### [Items from a dataset]
┌──

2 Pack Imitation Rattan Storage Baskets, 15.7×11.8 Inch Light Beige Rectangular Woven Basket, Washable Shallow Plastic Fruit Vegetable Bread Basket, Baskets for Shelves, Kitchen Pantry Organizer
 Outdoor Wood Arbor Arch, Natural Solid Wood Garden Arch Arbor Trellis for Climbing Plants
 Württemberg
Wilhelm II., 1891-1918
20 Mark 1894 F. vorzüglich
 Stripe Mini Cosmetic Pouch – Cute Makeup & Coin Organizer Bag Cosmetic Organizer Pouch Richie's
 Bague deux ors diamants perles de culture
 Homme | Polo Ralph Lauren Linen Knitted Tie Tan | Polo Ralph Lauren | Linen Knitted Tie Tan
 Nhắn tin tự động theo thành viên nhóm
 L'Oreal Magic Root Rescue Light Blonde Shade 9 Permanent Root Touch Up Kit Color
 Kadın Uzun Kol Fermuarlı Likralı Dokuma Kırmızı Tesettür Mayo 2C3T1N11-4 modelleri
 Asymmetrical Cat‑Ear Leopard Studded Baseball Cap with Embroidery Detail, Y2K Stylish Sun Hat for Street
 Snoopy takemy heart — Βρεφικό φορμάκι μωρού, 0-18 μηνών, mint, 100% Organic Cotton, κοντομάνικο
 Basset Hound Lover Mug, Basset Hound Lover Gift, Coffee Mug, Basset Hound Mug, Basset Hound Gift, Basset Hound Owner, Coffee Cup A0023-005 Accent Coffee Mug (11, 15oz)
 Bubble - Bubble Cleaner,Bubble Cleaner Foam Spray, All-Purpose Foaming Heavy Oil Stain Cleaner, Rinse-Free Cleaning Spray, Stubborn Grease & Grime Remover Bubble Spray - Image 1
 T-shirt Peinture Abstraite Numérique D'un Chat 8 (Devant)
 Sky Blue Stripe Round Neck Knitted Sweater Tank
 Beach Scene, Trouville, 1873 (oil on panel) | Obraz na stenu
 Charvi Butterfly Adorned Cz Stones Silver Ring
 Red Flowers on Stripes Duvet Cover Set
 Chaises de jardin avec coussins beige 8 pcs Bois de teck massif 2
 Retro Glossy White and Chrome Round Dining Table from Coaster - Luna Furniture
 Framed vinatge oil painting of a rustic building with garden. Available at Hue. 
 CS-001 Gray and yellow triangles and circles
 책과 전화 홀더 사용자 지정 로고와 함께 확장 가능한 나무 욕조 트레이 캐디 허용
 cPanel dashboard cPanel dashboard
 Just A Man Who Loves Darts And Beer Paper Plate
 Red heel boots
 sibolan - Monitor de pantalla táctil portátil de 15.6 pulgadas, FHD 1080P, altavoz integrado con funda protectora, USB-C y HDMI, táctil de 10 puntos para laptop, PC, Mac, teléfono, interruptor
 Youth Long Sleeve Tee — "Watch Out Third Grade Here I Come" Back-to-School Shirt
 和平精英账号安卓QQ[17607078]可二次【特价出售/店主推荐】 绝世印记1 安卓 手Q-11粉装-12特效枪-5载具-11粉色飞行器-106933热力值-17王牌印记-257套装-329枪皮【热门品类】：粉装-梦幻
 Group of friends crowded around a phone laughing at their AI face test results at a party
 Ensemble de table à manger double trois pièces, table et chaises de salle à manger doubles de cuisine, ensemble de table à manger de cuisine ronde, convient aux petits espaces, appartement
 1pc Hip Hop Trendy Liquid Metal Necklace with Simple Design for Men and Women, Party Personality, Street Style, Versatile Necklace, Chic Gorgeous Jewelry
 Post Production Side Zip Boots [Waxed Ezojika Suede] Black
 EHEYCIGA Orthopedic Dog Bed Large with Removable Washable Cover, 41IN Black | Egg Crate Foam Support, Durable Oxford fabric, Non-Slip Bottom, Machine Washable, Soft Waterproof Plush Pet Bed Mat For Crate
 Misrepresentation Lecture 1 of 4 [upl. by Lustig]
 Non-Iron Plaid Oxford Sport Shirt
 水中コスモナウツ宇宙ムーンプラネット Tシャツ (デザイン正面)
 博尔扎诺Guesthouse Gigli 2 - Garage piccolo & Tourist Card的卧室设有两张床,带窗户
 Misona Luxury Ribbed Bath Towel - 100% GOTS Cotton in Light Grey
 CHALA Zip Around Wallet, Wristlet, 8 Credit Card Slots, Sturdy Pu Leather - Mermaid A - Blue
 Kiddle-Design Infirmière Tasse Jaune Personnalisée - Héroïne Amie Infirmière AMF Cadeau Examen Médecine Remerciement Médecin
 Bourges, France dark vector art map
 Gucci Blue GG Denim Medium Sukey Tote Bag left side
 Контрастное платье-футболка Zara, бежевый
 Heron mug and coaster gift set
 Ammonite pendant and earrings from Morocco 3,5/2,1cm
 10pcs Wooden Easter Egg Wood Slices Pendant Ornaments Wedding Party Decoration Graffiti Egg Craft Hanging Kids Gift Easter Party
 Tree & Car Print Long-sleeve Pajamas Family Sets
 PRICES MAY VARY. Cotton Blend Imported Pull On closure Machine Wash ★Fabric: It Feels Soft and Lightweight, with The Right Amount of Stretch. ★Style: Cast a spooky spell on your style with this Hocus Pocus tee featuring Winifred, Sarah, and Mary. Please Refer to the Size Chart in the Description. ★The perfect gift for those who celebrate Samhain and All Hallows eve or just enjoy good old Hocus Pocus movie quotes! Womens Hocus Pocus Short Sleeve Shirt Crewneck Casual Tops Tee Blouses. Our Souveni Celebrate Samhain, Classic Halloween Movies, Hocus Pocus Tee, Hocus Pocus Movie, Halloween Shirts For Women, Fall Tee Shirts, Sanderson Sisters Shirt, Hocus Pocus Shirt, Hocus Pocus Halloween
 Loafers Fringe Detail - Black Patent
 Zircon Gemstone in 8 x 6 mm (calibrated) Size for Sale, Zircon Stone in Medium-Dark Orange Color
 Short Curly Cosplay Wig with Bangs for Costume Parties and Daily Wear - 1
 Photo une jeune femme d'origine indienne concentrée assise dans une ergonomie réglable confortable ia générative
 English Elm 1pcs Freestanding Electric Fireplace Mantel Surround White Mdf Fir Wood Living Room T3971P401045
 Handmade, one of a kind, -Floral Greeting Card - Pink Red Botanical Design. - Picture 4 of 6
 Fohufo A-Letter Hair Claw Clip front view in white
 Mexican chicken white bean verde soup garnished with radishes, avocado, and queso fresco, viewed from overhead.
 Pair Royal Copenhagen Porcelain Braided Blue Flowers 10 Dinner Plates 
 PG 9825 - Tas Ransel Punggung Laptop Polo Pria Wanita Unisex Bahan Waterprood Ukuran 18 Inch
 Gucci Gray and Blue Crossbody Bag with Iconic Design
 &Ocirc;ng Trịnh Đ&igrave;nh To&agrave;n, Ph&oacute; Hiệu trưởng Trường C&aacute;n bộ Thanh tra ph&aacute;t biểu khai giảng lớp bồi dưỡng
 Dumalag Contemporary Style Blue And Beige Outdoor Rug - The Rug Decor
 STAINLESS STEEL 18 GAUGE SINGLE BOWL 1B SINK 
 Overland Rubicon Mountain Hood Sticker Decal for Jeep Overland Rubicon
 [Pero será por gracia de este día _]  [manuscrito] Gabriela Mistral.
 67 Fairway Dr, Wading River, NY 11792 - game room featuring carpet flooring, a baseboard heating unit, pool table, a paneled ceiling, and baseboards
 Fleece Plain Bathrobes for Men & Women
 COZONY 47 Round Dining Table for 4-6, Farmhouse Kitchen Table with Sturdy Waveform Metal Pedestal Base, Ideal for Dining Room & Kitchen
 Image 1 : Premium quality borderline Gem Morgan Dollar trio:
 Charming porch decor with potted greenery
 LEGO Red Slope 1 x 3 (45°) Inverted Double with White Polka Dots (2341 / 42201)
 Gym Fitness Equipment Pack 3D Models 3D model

└──

### [Task requirements]
Look through the preceding entries for the word "Image". Report how many lines hold it, and only that number.

### [Output for this task]
2